(MATERIAL TO PROCESS begins)
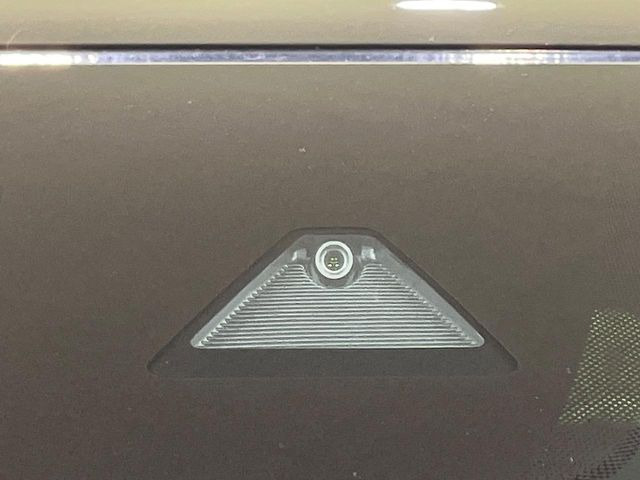 �yi-ACTIVESENSE�z���s���ɑO���̎ԗ�����F�����A�Փ˂������Ȏ��͌x��ƃu���[�L�ŏՓˉ���Ɣ�Q�y�����A�V�X�g�B�����S�Ƀh���C�u�����y���݂��������܂��B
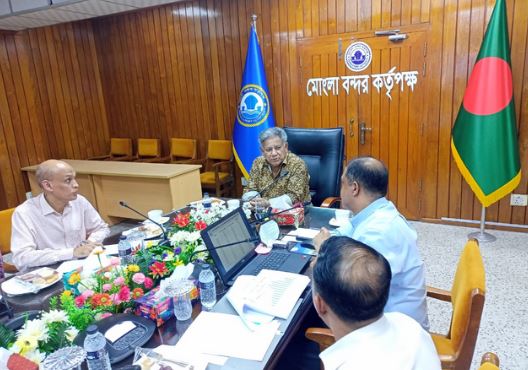 মোংলা বন্দর সফর করলেন নৌপরিবহন উপদেষ্টা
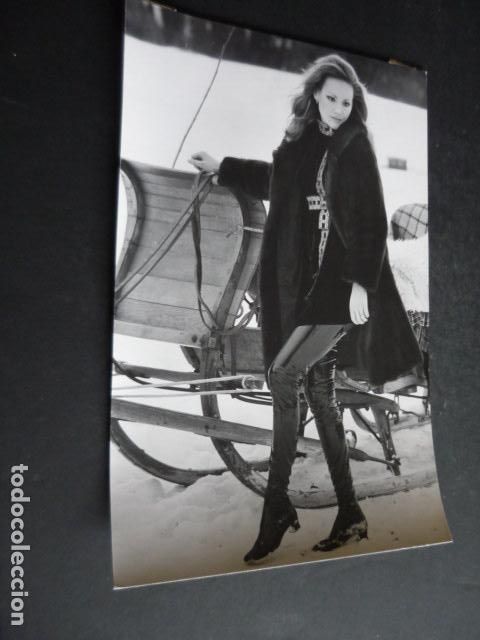 Cinema: CLAUDINE AUGER ACTRIZ ANTIGUA FOTOGRAFIA ORIGINAL 24 X 18 CM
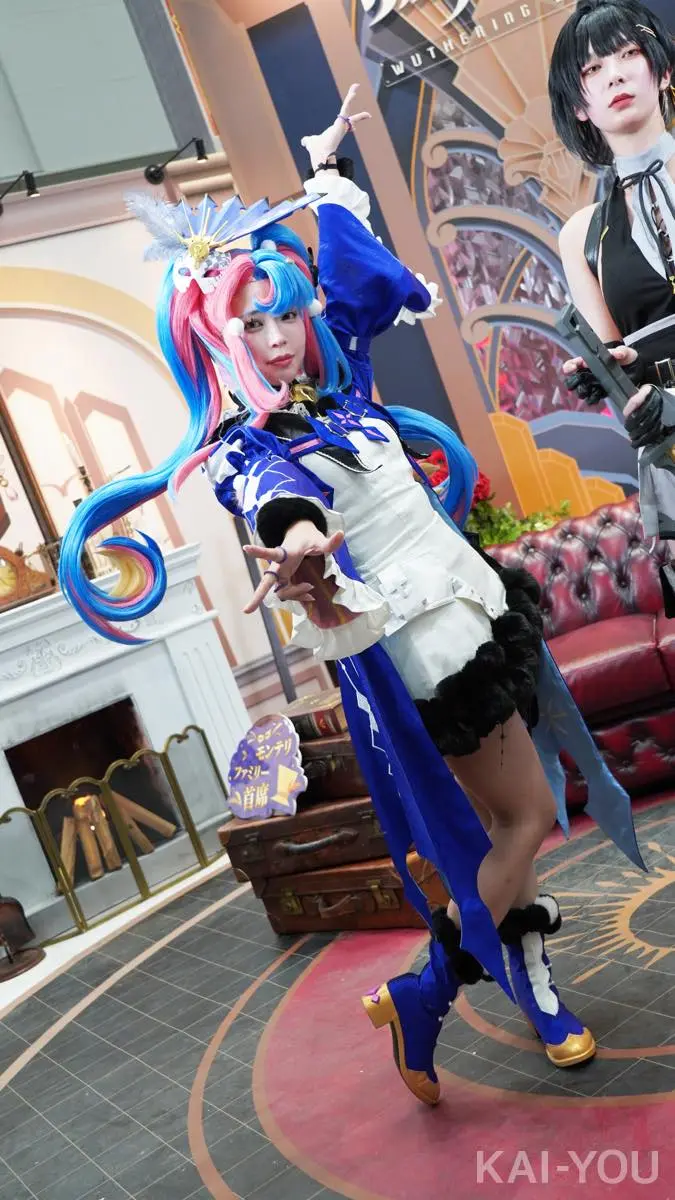 「コミックマーケット105（C105）」のコスプレイヤー_20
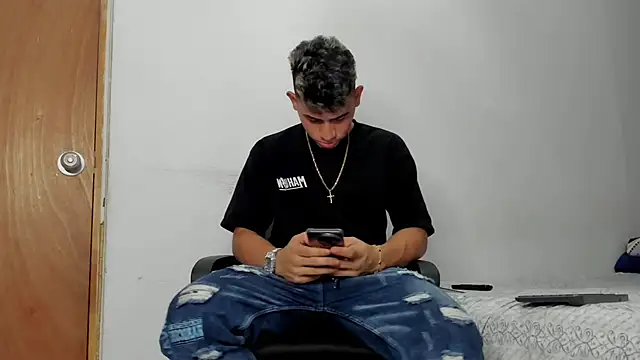 andrew rose  online show from February 11, 2026, 4:17 am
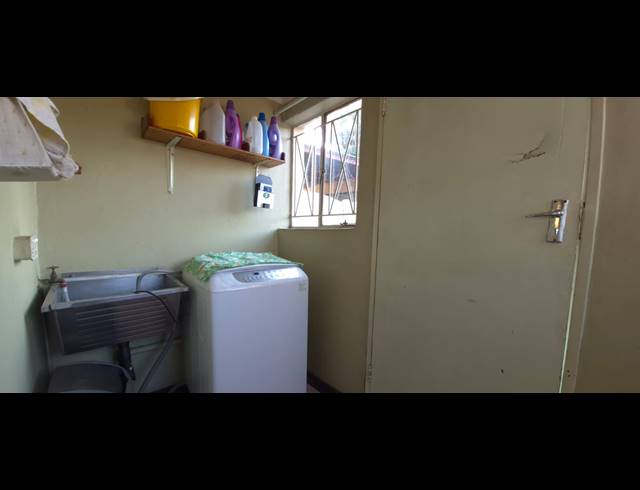 3 BEDROOM HOUSE FOR SALE IN ELSBURG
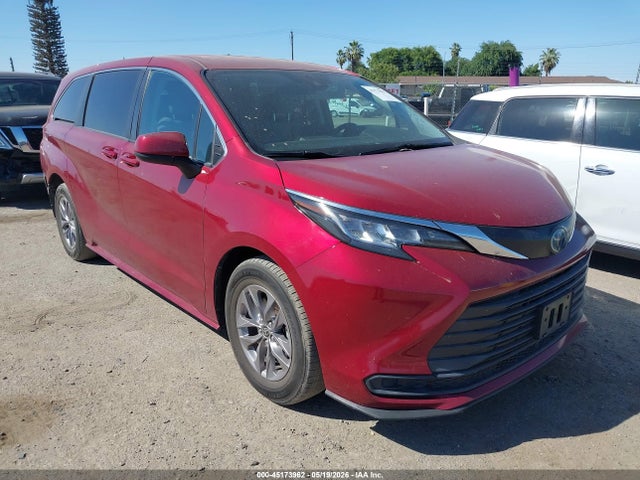 Salvage Toyota Sienna Image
(MATERIAL TO PROCESS ends)
● **TASK GOAL**
Leave out the pictures and give the rest of the records again exactly.

● **RESPONSE BOX**
 �yi-ACTIVESENSE�z���s���ɑO���̎ԗ�����F�����A�Փ˂������Ȏ��͌x��ƃu���[�L�ŏՓˉ���Ɣ�Q�y�����A�V�X�g�B�����S�Ƀh���C�u�����y���݂��������܂��B
 মোংলা বন্দর সফর করলেন নৌপরিবহন উপদেষ্টা
 Cinema: CLAUDINE AUGER ACTRIZ ANTIGUA FOTOGRAFIA ORIGINAL 24 X 18 CM
 「コミックマーケット105（C105）」のコスプレイヤー_20
 andrew rose  online show from February 11, 2026, 4:17 am
 3 BEDROOM HOUSE FOR SALE IN ELSBURG
 Salvage Toyota Sienna Image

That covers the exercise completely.